Missouri State Auditor Susan Montee said the losses from the collapse of a Martinsburg grain business would have been substantially less had state regulators done a better job of following their own examination standards two years ago.
"They should have been checking cancelled checks against the sales slips and they weren't,” Montee said.
Montee's audit said grain regulators in the Department of Agriculture could have spotted problems with the Gieseker Grain Dealership as early as September of 2008, simply by verifying the financial information supplied by Cathy Gieseker, who is now doing time for fraud.
"And what we found is had they uncovered this, which they could have done using their own procedures, the losses would have been about eleven million dollars less,” Montee said.
Authorities said Gieseker used a ponzi scheme to attract business, ultimately bilking 180 farmers out of more than $27 million.

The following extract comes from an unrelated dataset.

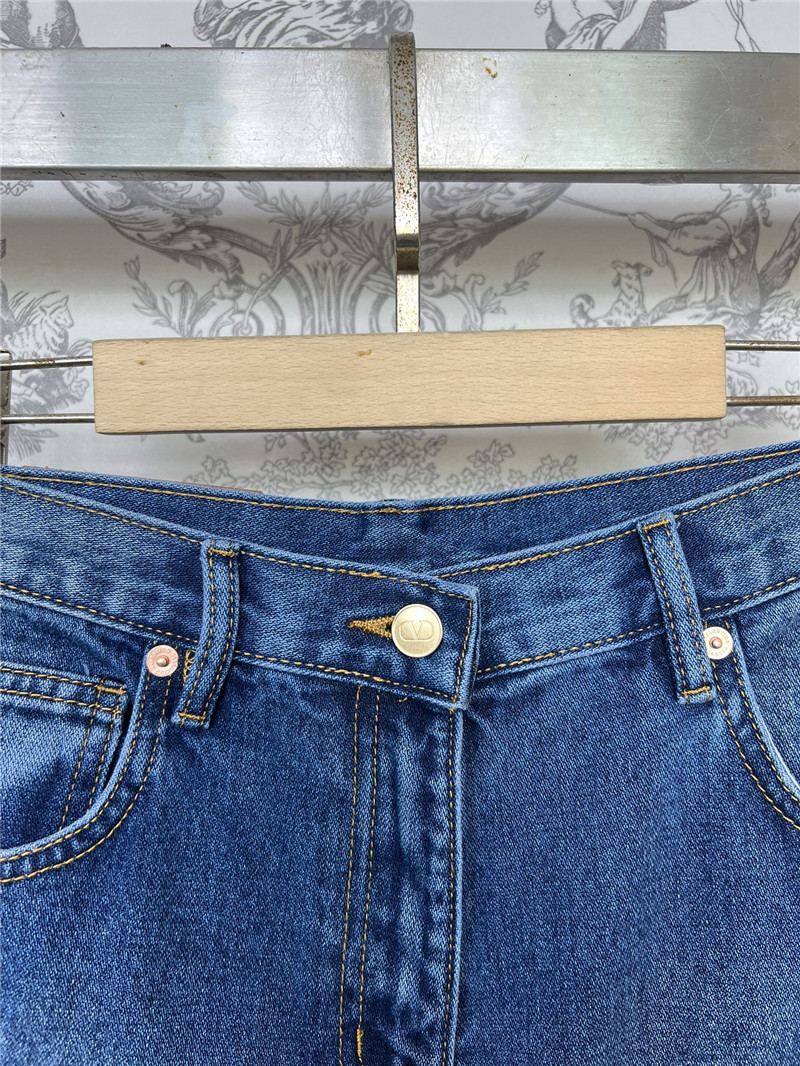 Va1e*ntin0 new straight jeans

"I think it's gone,” Cheated farmer Tim Lowrance said. “Lick your wounds and go on.”
Montee said a tradition of hand-shake deals and hands-off regulation allowed the fraud to continue much too long.
"The producers, themselves, need to be more aware of what's going on,” Montee said.
Montee said the Agriculture Department should increase the bonding requirements for dozens of Missouri grain dealers and look into the creation of an indemnity fund. In its formal response, the Agriculture Department concedes past shortcomings and points to new safeguards, including larger bonding requirements in some cases.
However, Montee said the changes instituted agriculture appears to have minimized the impact of two more grain dealership failures within the past year.
Last year, Agriculture Director Jon Hagler said assurity bonding is a delicate balance.
"On the one hand, the bonding is very low,” Hagler said. “On the other hand, if you raise that bond too high, then small warehousers go out of business and then you reduce competition and farmers are harmed that way."